Leonid Nikitinsky: A “Lepers’ Constitution”

3 December 2020

Leonid Nikitinsky, Novaya gazeta correspondent, member of the Presidential Council on Human Rights and Civil Society, laureate of the Moscow Helsinki Group Prize for Human Rights

Source: Moscow Helsinki Group [original source: Novaya Gazeta]


Why bother to change anything in Chapter 2 of the Russian Constitution if you can simply ignore it?

The hail of legislative initiatives “for the development of a revised Constitution” also provides an answer to the question of why amendments were made to it (and then legislatively built on) that substantially limit the Constitutional Court’s scope and the implementation in Russia of the decisions of international courts. Under constitutional oversight, even if only potential, many of the proposed initiatives could not be submitted to the Duma because they clearly contradict Chapter 2 of the RF Constitution (on fundamental human and citizen rights), which the guarantor and initiator of the revision has solemnly promised not to touch.

Under the pretext of countering foreign interference in Russian politics–which in itself looks more like a persecution complex than anything else–the deputies are proposing extending “foreign agent” status to physical persons and their unregistered associations if they receive not only money but, for instance, procedural assistance from abroad. Everyone affected by the foreign “leprosy” will be subject to such a procedure of accounting and verification that they might as well go hang themselves (self-eliminate, in NGO-speak). 

The “foreign agent” concept appeared in Russian legislation in 2012 in the form of an amendment to the law “On Non-profit Organizations.” These included NGOs that receive foreign financing and “engage in political activity.” Inasmuch as the latter was immediately interpreted as broadly as possible and organizations ended up in the “foreign agents” registry that apparently had not exhibited such activity, these provisions were appealed in the Constitutional Court with the support of Vladimir Lukin, at that time Russia’s Human Rights Ombudsman.

In an 8 April 2014 resolution, the Russian Constitutional Court wisely reasoned “for both ours and yours”: they saw nothing offensive in the term “foreign agent,” which had barely entered linguistic territory; on the other hand, it recognized that this status should not entail for its bearers, other than the necessity of submitting appropriate declarations and reports, any infringements whatsoever on their rights, that is, should not discriminate between them and those working for honest Russian roubles.

This Constitutional Court’s resolution is “in effect,” but the entire practice of the Justice Ministry, which keeps the “foreign agents” registry, along with the subsequent laws passed on this topic, which number approximately 35, simply ignore the Constitutional Court’s position. Thus, “foreign agent” NGOs are already forbidden to nominate candidates for the Public Oversight Commissions, send observers to elections, claim benefits for “socially oriented” NGOs, participate in anticorruption expert analyses, and so on.

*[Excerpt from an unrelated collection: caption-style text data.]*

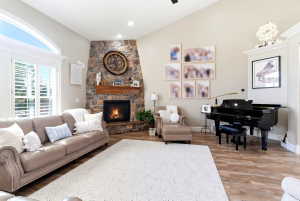 Spacious living area featuring a vaulted ceiling and wood-finish flooring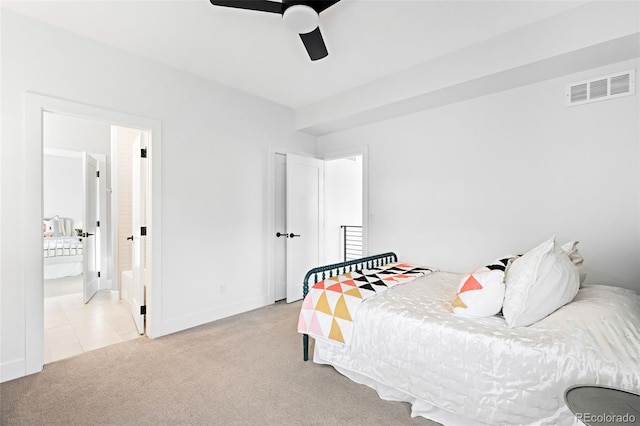 bedroom with ceiling fan, connected bathroom, and light colored carpet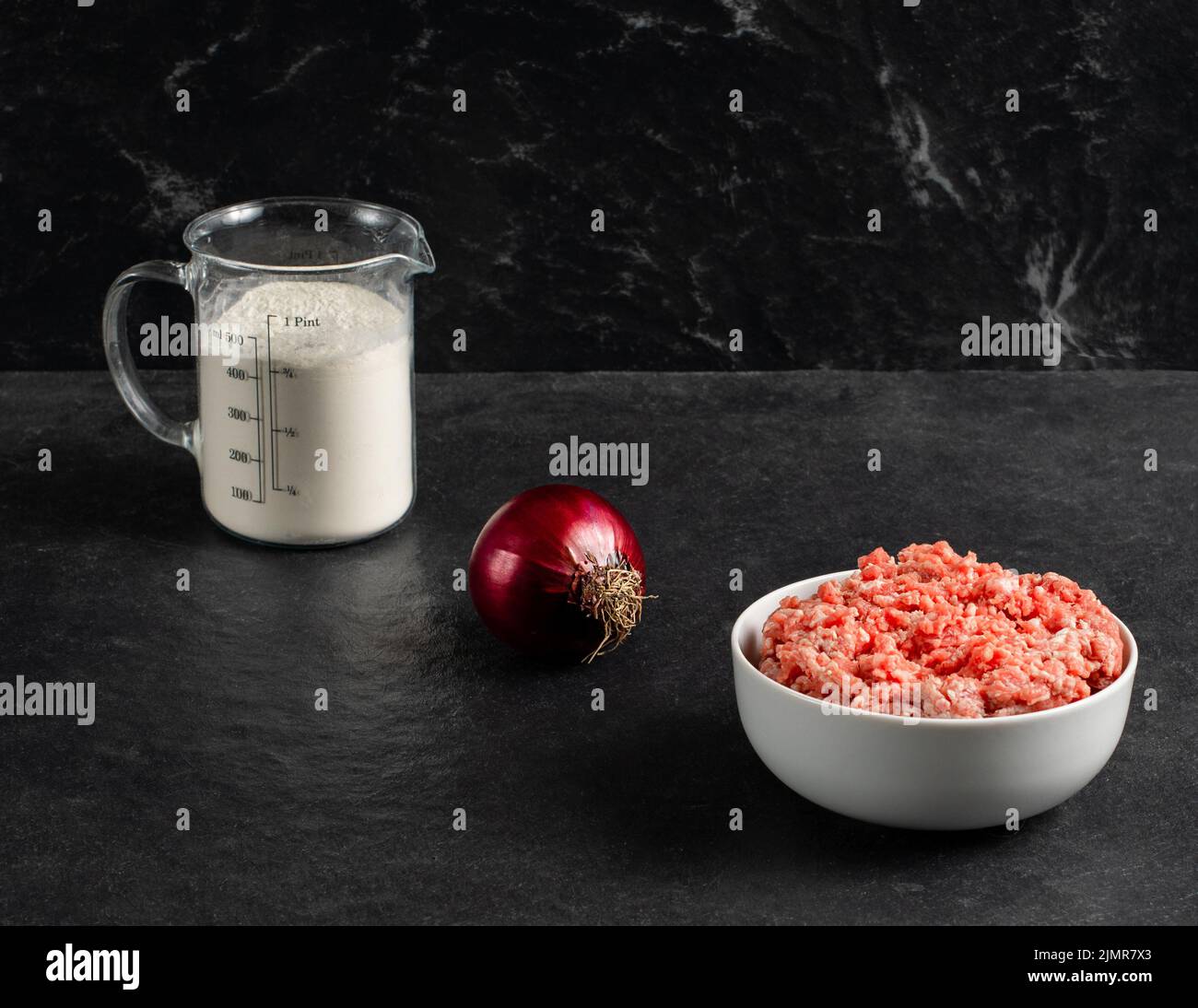 Plate with fresh ground beef, red onion, measuring cup with flour on a grey black background, space for text. Stock Photo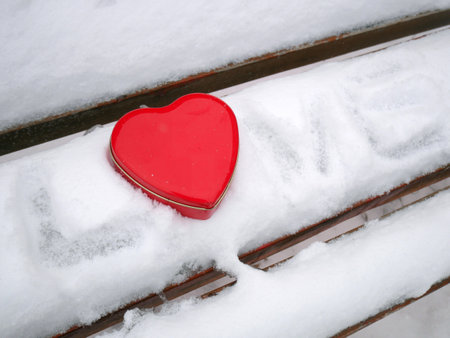red heart symbol on snowy wooden bench and i love you inscription on the snow, closeupの写真素材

In fact, all state employees have stopped talking to them, especially law enforcement and judges, and this has killed off a number of useful programmes.

The deputies’ initiatives extend “foreign agent” status not only to everything that moves but also to the kinds of activity simply any human association, even groups of friends, usually engages in.  They propose substantially tightening the procedure for organizing mass actions, which will now require opening a separate account and reporting through it. The bill on regulating educational activity, submitted in the form of amendments to the law “On Education,” proposes obtaining in one form or another permission to educate, that is, in essence, to make any public statement. The draft was presented in a somewhat generalized form, saying that executive branch agencies would be given carte-blanche to compile appropriate proscriptive lists for all types of organizations and physical persons.

The initiatives, which are inexorably becoming laws right before our eyes, are introducing an inequality of rights for “good” and “bad” citizens, in fact introducing censorship and a ban on public associations, infringing on the right to receive and disseminate information, on the expression of one’s own opinion, and even on the opportunity to have one. After all, only authorized agencies will be educating citizens. All this directly contradicts Chapter 2 of the Constitution, but where can one go with this now? There is no court, and the guarantor is not keeping his promises.